[Start of section]

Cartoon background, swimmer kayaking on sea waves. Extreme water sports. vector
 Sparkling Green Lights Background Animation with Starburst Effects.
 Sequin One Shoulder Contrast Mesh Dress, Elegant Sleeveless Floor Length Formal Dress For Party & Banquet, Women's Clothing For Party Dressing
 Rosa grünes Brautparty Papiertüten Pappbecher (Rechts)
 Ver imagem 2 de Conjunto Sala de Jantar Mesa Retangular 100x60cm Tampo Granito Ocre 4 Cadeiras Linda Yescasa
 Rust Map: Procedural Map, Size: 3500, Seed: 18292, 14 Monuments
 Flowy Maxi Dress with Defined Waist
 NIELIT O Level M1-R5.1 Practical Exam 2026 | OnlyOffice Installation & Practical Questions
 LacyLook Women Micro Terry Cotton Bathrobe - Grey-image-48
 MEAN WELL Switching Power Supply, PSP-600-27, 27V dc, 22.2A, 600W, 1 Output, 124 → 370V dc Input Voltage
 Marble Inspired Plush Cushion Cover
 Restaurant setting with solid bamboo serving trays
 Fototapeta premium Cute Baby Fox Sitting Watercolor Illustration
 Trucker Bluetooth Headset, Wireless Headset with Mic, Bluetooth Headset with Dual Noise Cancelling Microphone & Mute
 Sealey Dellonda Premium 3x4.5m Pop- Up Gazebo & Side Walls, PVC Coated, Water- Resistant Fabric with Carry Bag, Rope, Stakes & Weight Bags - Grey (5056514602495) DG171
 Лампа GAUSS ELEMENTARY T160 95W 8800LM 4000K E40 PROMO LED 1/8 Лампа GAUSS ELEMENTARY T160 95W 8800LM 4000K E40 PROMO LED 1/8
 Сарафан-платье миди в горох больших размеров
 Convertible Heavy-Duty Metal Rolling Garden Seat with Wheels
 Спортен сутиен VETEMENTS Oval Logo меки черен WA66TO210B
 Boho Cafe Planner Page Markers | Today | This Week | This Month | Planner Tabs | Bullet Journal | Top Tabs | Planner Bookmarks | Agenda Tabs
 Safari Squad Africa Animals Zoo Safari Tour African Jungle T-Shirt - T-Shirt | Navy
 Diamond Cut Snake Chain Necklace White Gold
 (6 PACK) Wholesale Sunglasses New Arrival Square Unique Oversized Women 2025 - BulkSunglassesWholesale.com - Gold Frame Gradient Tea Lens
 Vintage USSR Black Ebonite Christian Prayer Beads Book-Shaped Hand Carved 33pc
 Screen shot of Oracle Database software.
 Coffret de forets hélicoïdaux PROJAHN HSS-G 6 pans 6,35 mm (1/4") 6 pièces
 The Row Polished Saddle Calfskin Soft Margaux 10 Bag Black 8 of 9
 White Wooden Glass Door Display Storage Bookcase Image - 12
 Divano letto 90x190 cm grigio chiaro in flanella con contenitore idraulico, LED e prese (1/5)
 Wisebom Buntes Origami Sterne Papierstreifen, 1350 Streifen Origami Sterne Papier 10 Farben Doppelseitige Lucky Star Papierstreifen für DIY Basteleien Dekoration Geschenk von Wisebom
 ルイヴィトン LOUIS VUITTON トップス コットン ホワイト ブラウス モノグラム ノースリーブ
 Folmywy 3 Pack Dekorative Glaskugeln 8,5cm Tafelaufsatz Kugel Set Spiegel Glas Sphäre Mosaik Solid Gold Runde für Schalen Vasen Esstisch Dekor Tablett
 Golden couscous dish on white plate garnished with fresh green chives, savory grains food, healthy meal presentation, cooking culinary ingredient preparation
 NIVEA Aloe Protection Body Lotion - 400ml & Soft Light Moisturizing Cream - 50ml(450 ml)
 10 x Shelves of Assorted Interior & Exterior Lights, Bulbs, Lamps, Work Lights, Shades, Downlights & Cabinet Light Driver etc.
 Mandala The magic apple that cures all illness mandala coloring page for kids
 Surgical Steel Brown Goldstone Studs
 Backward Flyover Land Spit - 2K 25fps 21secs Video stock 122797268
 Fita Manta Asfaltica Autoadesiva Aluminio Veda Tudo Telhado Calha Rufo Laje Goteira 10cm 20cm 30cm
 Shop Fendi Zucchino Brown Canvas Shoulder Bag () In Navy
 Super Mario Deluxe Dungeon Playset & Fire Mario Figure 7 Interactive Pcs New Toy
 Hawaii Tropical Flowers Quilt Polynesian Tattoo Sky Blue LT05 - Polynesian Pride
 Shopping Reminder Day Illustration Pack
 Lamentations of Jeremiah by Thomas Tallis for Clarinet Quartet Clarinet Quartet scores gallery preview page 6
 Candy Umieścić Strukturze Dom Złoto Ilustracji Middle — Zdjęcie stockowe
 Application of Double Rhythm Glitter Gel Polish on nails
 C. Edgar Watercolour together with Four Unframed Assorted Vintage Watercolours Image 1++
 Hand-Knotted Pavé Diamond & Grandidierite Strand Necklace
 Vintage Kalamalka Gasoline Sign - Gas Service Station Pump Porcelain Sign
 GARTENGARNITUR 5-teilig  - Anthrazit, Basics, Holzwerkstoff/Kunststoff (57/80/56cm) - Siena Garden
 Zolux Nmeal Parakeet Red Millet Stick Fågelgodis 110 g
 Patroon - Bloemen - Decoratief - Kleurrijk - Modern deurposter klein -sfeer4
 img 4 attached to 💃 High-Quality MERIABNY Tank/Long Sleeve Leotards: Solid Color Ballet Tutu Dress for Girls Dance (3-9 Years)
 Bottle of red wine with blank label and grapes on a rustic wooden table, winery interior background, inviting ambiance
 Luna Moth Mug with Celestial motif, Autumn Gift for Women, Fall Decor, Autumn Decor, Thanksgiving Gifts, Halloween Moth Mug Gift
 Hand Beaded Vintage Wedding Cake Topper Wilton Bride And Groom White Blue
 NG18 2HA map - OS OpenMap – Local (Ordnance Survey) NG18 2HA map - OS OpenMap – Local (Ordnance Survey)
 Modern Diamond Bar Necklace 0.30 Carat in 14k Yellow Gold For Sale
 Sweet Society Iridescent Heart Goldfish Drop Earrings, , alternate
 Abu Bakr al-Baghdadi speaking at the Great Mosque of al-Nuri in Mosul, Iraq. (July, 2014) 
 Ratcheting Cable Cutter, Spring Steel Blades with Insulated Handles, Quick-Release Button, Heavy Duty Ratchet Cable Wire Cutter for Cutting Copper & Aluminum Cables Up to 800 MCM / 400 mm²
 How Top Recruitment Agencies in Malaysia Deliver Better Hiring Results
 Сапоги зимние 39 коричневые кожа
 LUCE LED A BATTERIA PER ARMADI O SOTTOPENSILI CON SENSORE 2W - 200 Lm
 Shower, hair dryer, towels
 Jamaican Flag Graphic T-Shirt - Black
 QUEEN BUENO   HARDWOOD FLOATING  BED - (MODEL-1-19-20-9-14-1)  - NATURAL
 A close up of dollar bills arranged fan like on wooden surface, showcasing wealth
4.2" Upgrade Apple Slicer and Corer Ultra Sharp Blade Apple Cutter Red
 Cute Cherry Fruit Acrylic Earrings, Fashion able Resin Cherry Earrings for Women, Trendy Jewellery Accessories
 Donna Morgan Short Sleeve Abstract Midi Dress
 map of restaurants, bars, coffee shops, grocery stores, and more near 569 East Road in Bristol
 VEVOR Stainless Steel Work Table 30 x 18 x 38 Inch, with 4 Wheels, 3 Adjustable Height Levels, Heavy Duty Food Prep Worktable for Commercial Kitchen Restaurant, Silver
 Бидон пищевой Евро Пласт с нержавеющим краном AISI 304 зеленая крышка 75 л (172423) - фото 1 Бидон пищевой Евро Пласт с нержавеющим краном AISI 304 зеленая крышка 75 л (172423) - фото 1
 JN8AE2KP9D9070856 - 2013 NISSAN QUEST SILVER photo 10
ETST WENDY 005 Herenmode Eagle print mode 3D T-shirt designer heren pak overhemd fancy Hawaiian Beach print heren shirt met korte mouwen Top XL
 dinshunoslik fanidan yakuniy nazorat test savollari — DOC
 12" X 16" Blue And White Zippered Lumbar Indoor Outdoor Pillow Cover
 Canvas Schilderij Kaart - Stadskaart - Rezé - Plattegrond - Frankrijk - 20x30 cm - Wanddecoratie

[End of section]

Your task -
Each line of the listing above that includes the word "Cover" should be copied.

Solved problem -
 Marble Inspired Plush Cushion Cover
 12" X 16" Blue And White Zippered Lumbar Indoor Outdoor Pillow Cover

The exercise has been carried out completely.